This article first appeared in the St. Louis Beacon, March 22, 2012 - It was my second day of college, August 1985. Standing outside Webster University’s Dooley House — long since renamed the Pearson House — a few of us were idling on the long, white wall, stretching along the driveway. We were enjoying a gorgeous summer day, which featured my one-and-only appearance in a class taught by the late, great philosophy professor Art Sandler. Lost out on that opportunity, but the day at least brought Dave Simon to my attention.

Freed from the strict social boundaries of a high school a few hundred yards to the west, this was the kinda scene I ate up for the next few years, talking to kids also interested in art and music and events. And Dave Simon was obviously the sort of student who was a little bit clued in, though it took time to figure out how true that really was. Skateboarding up to us on that wall outside the Dooley, he may have handed us a flyer for a show; that kind of detail’s been lost, though the spirit of the afternoon is still right there.

By that point, Simon had graduated from one of the three most artistically and musically progressive high schools of that moment: Metro, Webster Groves and his own Clayton. There, he’d been in on the ground floor of The Unconscious, which broke up, but reformed, in some part, as The Fuzzy Pumpers, with Simon on bass and the hyper-charismatic Mike Apirion on guitar and vocals. They decided to change their name to Blank Space while driving west to Columbia, Mo., where they were set to open for the relentlessly touring Elvis Brothers. And Blank Space became something of a go-to for local music bookers, who found them opening slots for groups like the Violent Femmes, Fishbone and the Red Hot Chili Peppers.

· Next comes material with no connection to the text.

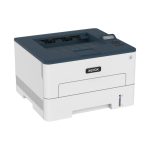 Vista frontal de la impresora Xerox B230 A4, cuenta con impresión a doble cara, 34 páginas por minuto, compatible con PCL5e/6, y capacidad de 2 bandejas para un total de 251 hojas. SKU: B230V_DNI.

“We were writing our own music,” Simon remembers. “We were very much a sign of the times, white kids mixing funk and ska. Those groups were coming into town and we had these great springboards, playing in front of those bands, not just in St. Louis, but at the Blue Note in Columbia. Today, you’d have a hard time cracking those kinds of shows. And, really, the only bands writing original music in those days were bands like the Rude Pets, Be-Vision, Langrehr. And we were a lot younger than them. We were just kids and we had the energy of a new group. But we were able to play Cicero’s on a weekend night in front of 100 people and stand on our own feet.”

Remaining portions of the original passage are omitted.